What are the themes of The Art of the Commonplace?
Wendell Berry's The Art of the Commonplace is a collection of 21 essays on agrarianism and community. The overall objective of this essay collection is to show agrarian alternatives to contemporary urban lifestyles that are characterized by anxiety, illness, and wastefulness.
Before we go any further: what is agrarianism? It's a social and/or political movement that values rural society over urban society. In agrarianism, farming is an important and highly esteemed occupation that's central to the community's wellbeing.
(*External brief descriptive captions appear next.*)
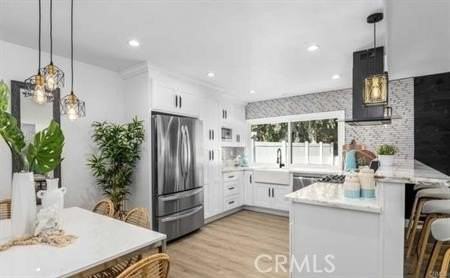 24262 Castilla Ln - Photo 7 of 17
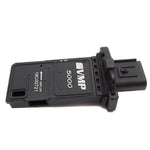 VMP Performance HPX 2005+ Ford Slot Style MAF Sensor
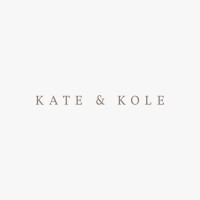 Kate & Kole logo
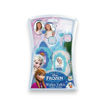 Picture of FROZEN 2 WALKIE TALKIE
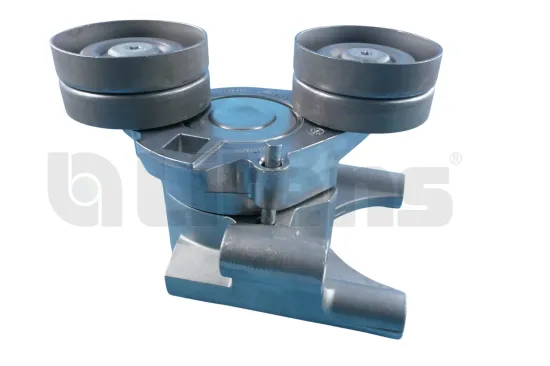 Riemenspanner, Keilrippenriemen Litens 950591 Bild Riemenspanner, Keilrippenriemen Litens 950591
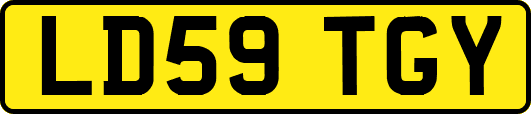 LD59TGY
The Art of the Commonplace is grouped around five themes defined by the author. There's overlap between these, but the five key themes are as follows: geo-biography, agrarian critique of culture, agrarian fundamentals, agrarian economics, and agrarian religion.
Let's talk a little bit about each of these. First up is geobiography, the idea that the land tells a story. Berry’s family has been living on the same plot of land since the author's great-grandfather came over from Ireland. The author learned about the land, about its ecosystem and how to care for it, from his own father, who in turn learned from his father, and so forth. The land isn't just land. It's a living organism that tells the story of a family; the two are intertwined.
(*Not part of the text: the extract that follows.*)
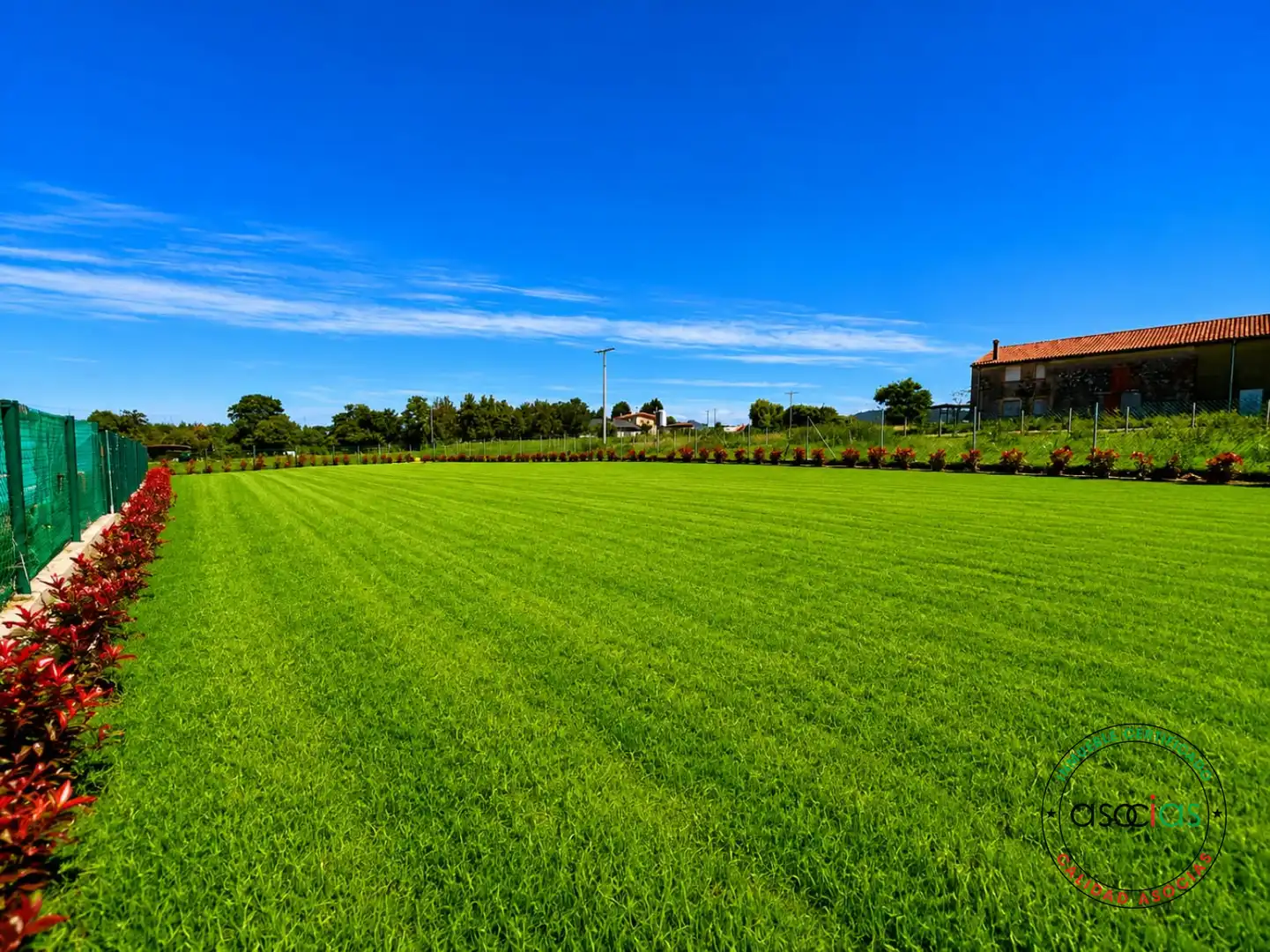 Terreny residencial en venda a Abedules. Finca La Llosa s/n, imagen 16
The second theme is agrarian critique of culture. Berry focuses on this in a series of essays, but this idea could be considered the dominant theme of the entire collection. Contemporary culture in the United States, Berry argues, is characterized by greed and carelessness. So many of the culture's problems, he explains, are caused by the people.
The third theme is concerned with agrarian fundamentals. These include a return to valuing individuals over machines, to reforming a health system that's more concerned with quick fixes than with the origins of disease, and to ending exploitation of both land and people.
The fourth theme, agrarian economics, is a bit more specialized. Berry talks about the effects of labor on the individual. When humans are forced to work like machines or robots, instead of working in nature, as farmers always have, their health suffers, and the economy will suffer, too. He criticizes the profit-focused agendas of politicians and corporations alike.
Finally, Berry's fifth theme is the religious basis of agrarianism. He ackowledges Agrarianism's basis in the Bible, and that the concepts of agrarianism are tied with religious traditions across cultures. He's quick to reject the Christian view that humans should dominate the land. We must understand the land, the author argues, if we want to have a good relationship with it.